(Pictures with short captions)
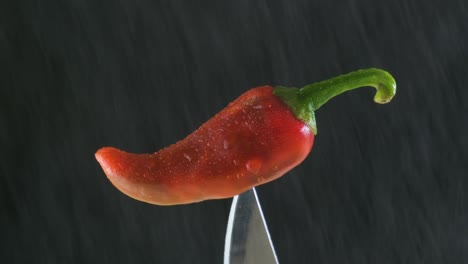 a red chili pepper on a knife tip in a spray of water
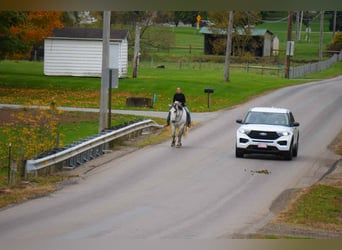 Draft Horse Mix, Gelding, 10 years, 16 hh, Grey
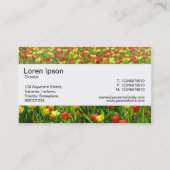 センターバンド – チューリップ海II 名刺 (裏面)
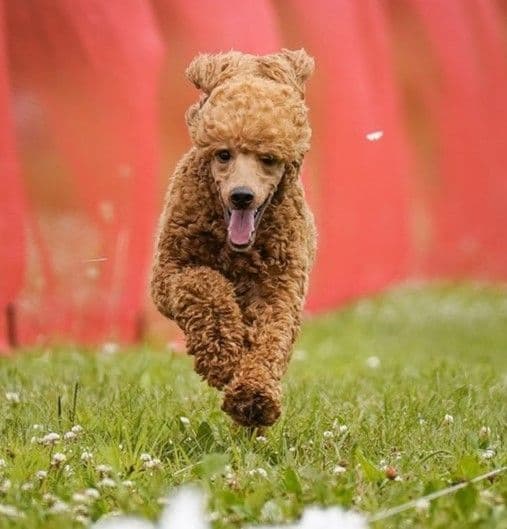 Standard Poodles breeder image 2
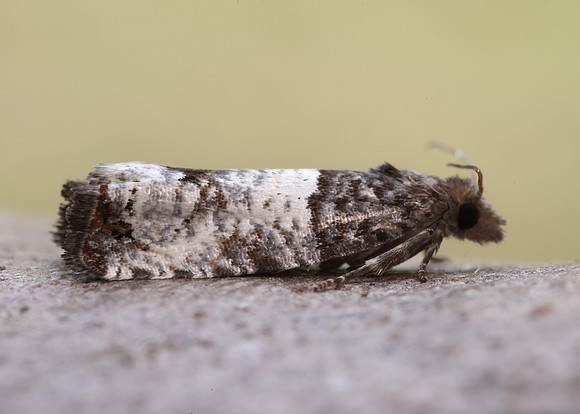 49.296 BF1179 Notocelia incarnatana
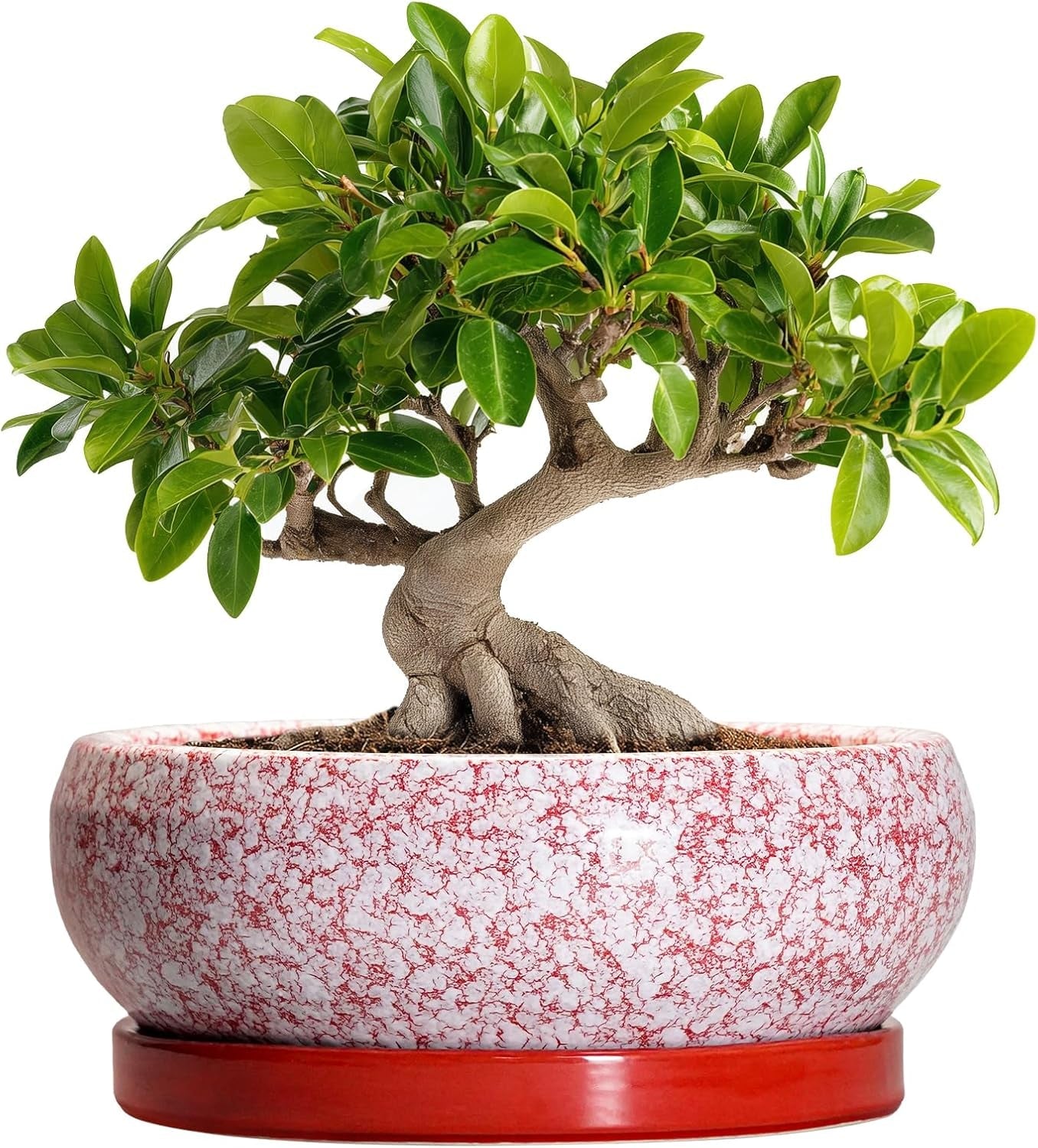 Ghiveci ceramic pentru bonsai, glazurat, puțin adânc, pentru plante suculente, cu orificiu de drenaj și farfurie din bambus pentru plante de apartament, 20,3 cm, maro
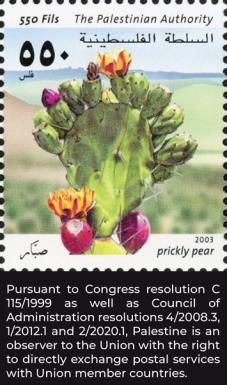 Prickly pear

* **Action item**
Beginning at the line that contains "センターバンド – チューリップ海II 名刺 (裏面)", retype each line of the data above through the very last one. Do not retype the pictures.

* **Task response**
 センターバンド – チューリップ海II 名刺 (裏面)
 Standard Poodles breeder image 2
 49.296 BF1179 Notocelia incarnatana
 Ghiveci ceramic pentru bonsai, glazurat, puțin adânc, pentru plante suculente, cu orificiu de drenaj și farfurie din bambus pentru plante de apartament, 20,3 cm, maro
 Prickly pear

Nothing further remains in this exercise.